A divided Costa Mesa City Council approved a new contract with a municipal employees union Tuesday night, saying its terms will better enable the city to attract and retain workers.
The contract, OKd on a 3-2 vote, will provide higher pay for the 236 members of the Costa Mesa City Employees Assn. while lowering the amount they pay toward their pensions.
The union represents non-public-safety employees.
“Residents and the business community demand services because we all pay taxes and we all expect our taxes to pay for improvements to our roads, to pay for maintaining our parks, to pay for safety and security in our neighborhoods and homes and our businesses,” Mayor Katrina Foley said. “So this contract, to me, is fiscally conservative but functional. It addresses these retention, recruitment issues head-on.”
Council members Allan Mansoor and Jim Righeimer voted against the contract.
The deal will run through June 30, 2020. During that time, CMCEA members will receive steady pay increases — 2.5% in each of the first two years of the deal and 2.75% in the third and fourth years.

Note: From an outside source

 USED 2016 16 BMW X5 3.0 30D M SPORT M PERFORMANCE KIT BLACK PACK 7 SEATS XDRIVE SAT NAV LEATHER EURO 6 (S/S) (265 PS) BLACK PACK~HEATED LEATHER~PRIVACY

Currently, members pay about 17.04% of their salaries toward their pensions, but that number will decline to 12% by the third year of the new pact.
“We look forward to partnering with the council to begin the process of rebuilding the city workforce, remaking Costa Mesa into the highly regarded municipal employer it had historically been and providing superior services to the residents of Costa Mesa,” CMCEA President Robert Gonzalez said in a statement Wednesday.

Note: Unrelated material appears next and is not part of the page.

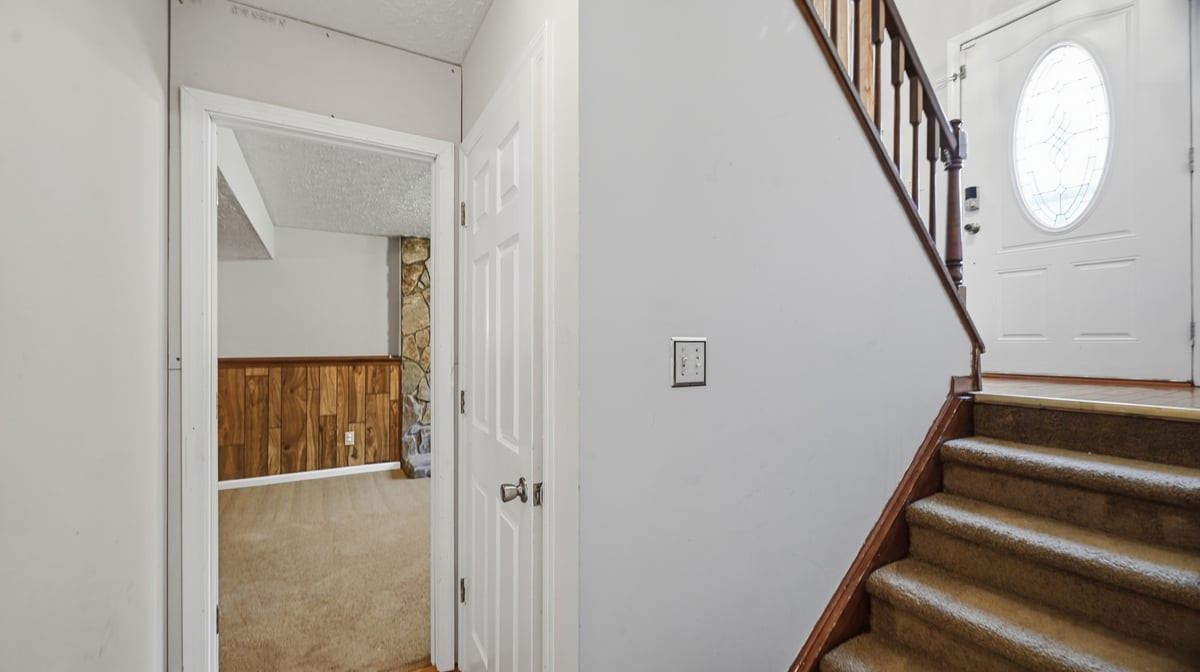 Home in Durham, NC 27703 — photo 3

Boosting pay and reducing retirement contributions will help the city offer more competitive compensation packages to attract talented employees and keep them around for the long haul, officials said.

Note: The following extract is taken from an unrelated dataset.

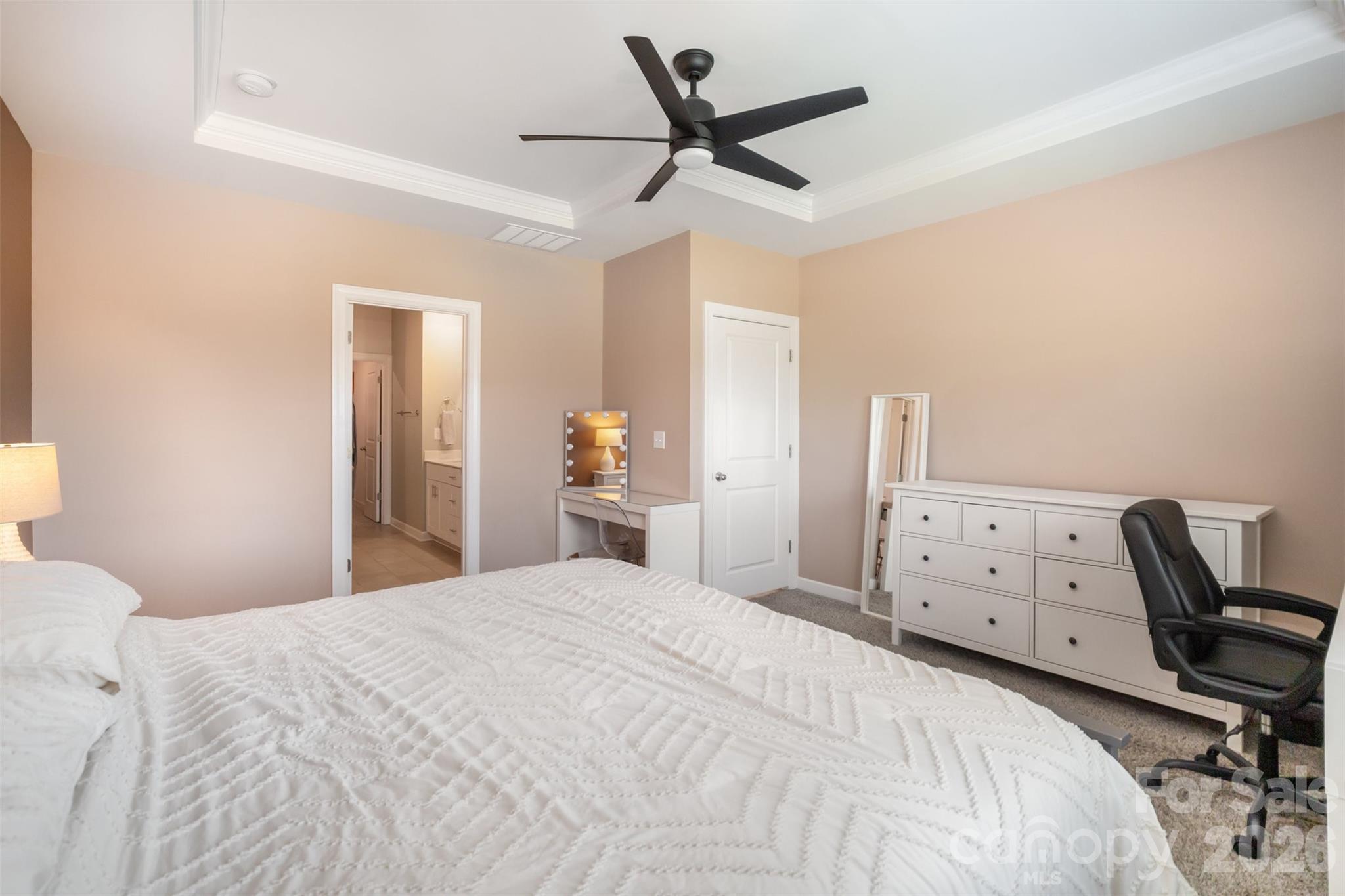 4424 Bright Road — Charlotte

Doing so has been a challenge in recent years. As of Tuesday, the city had 90 vacant positions, according to Assistant City Manager Tammy Letourneau.
“Every few weeks, one of our employees goes to Irvine, goes to Newport, goes to Laguna — it’s ongoing,” Mayor Pro Tem Sandy Genis said.
Those departures, she added, “basically has to do with people having to take care of their families and not being able to do it with what Costa Mesa is offering.”
Mansoor and Righeimer, though, raised concerns about the financial impact — pegged at $5.65 million more over the life of the agreement than the previous CMCEA contract, which expired in June.
The additional spending is troubling, they said, given budget forecasts discussed Tuesday that show the city could face growing annual budget deficits ranging from less than $50,000 in fiscal 2017-18 to almost $8.3 million in 2021-22.
They also questioned how the new CMCEA contract could affect the city’s unfunded pension liability, which stood at about $246 million in 2015.
A city staff report said the contract is not expected to affect that figure, as the outlined salary bumps fall within California Public Employees’ Retirement System assumptions regarding payroll increases.
That did little to assure Mansoor, though.
“CalPERS has been wrong many times,” he said.
Righeimer pointed out that the new deal eliminates a provision in CMCEA’s previous contract that required union members to pay 60% of any increases in the city’s mandated contributions to CalPERS.
Striking that component and reducing employee contributions could add up to long-term problems, he said.
Councilman John Stephens, though, described such requirements as “a confiscatory contribution.”
Starting in 2018, the California Public Employees’ Pension Reform Act stipulates that cities can’t require non-public-safety employees to contribute more than 8% of their pay toward their pensions. CMCEA members have agreed to pitch in at a higher rate.
“In my opinion, we’re the best city in Orange County, we’re the best city in the state of California,” Stephens said. “We should not have a recruitment and retention problem in the city of Costa Mesa.”
Spending a surplus
Though the city could see budget deficits in future years, council members Tuesday voted on how to spend a nearly $10.7-million surplus left over from fiscal 2015-16.
On a 4-1 vote — with Mansoor opposed — council members opted to apply about $1.2 million of the surplus to meet the city’s goal of having $55 million in reserve.
An additional $500,000 will go toward reducing pension debt, while $1.9 million will be used for improvements at local police and fire stations; a new trail system along Arlington Drive that will filter urban runoff; and protection, restoration and master plan implementation efforts at Fairview Park.